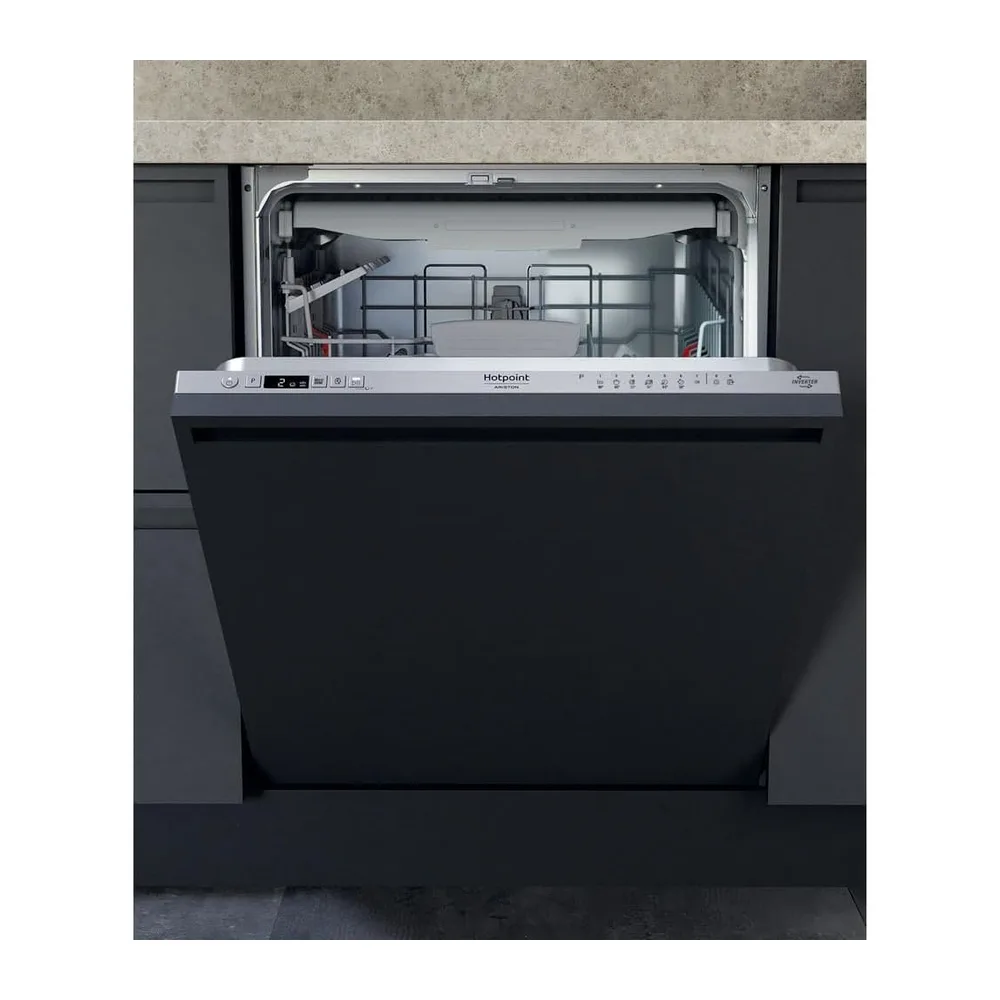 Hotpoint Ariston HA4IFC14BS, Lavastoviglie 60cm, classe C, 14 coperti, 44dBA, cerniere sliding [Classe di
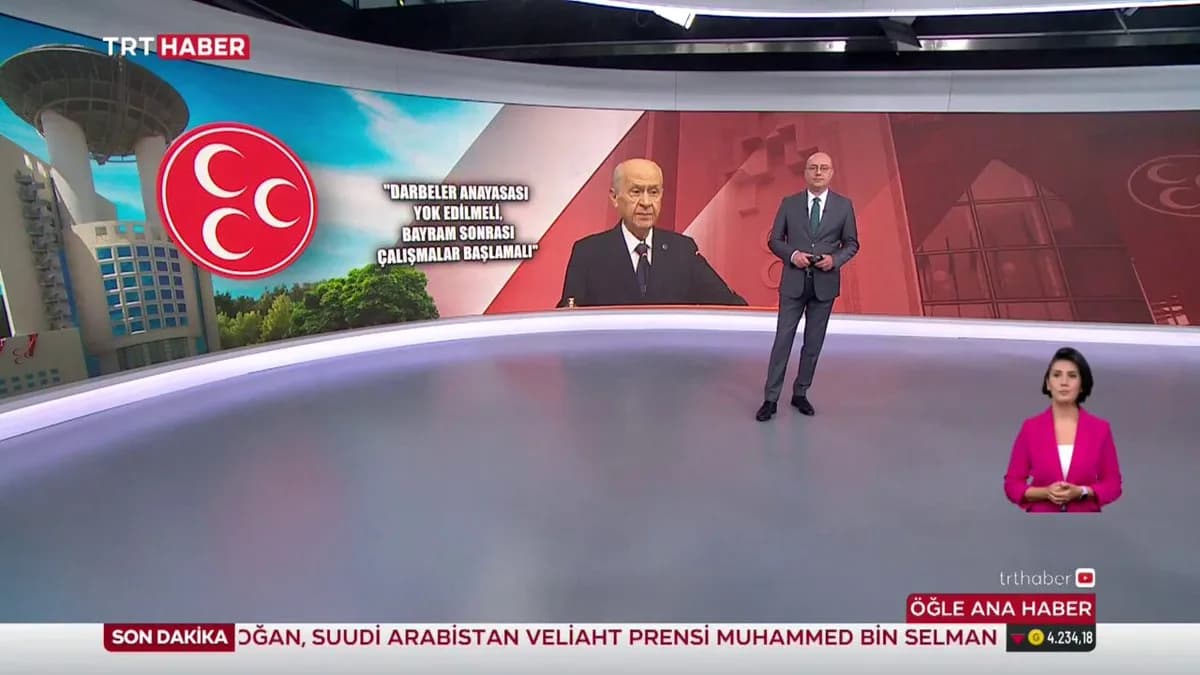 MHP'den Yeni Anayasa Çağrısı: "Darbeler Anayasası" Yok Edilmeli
--*--
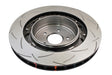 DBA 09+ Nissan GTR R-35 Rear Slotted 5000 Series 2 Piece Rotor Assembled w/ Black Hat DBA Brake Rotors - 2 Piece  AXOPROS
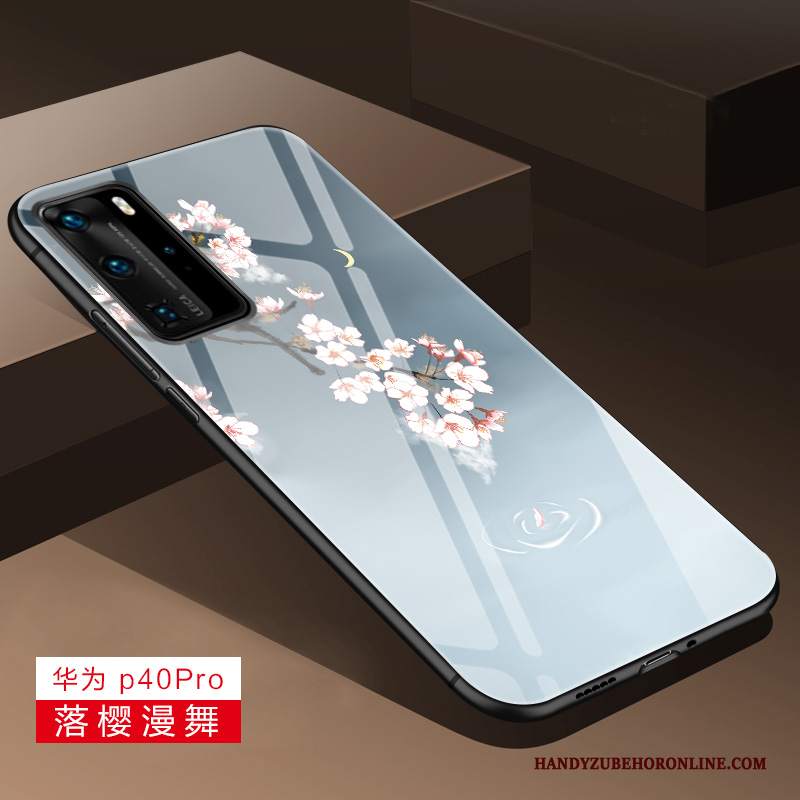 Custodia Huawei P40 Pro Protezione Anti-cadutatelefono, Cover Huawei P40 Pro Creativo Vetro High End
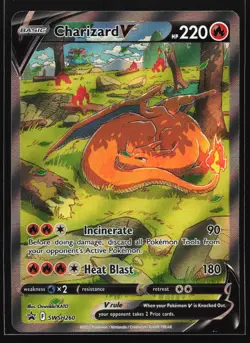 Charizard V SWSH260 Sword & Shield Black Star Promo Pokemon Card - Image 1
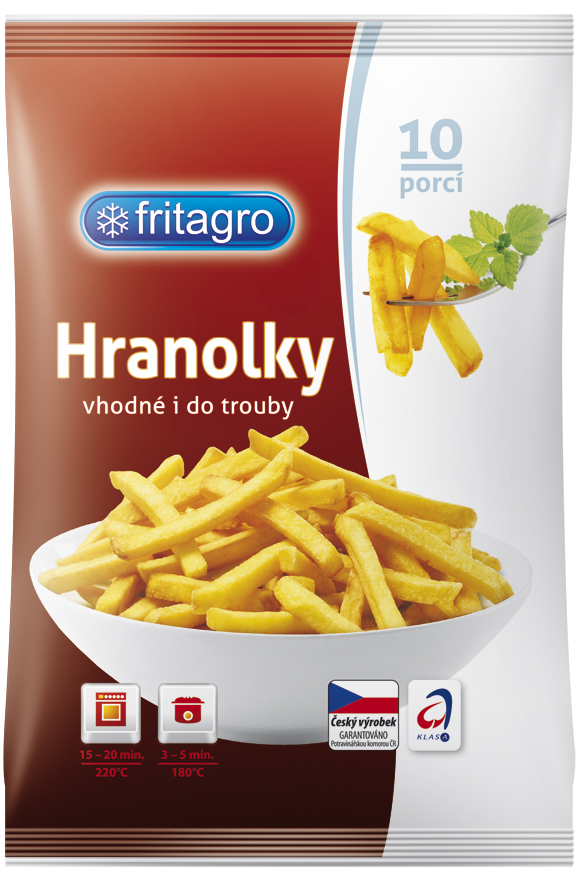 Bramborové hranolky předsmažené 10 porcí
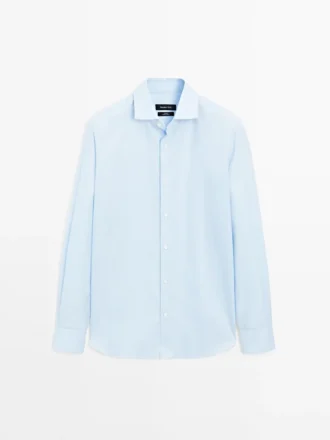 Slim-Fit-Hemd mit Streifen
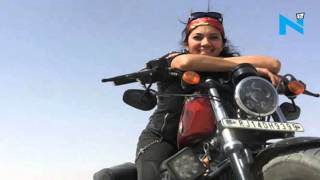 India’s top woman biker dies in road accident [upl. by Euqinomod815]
--*--
Your answer should consist of the lines above between those holding "Charizard V SWSH260" and "India’s top woman", inclusive, reproduced word for word and without pictures.

## Answer to the problem
 Charizard V SWSH260 Sword & Shield Black Star Promo Pokemon Card - Image 1
 Bramborové hranolky předsmažené 10 porcí
 Slim-Fit-Hemd mit Streifen
 India’s top woman biker dies in road accident [upl. by Euqinomod815]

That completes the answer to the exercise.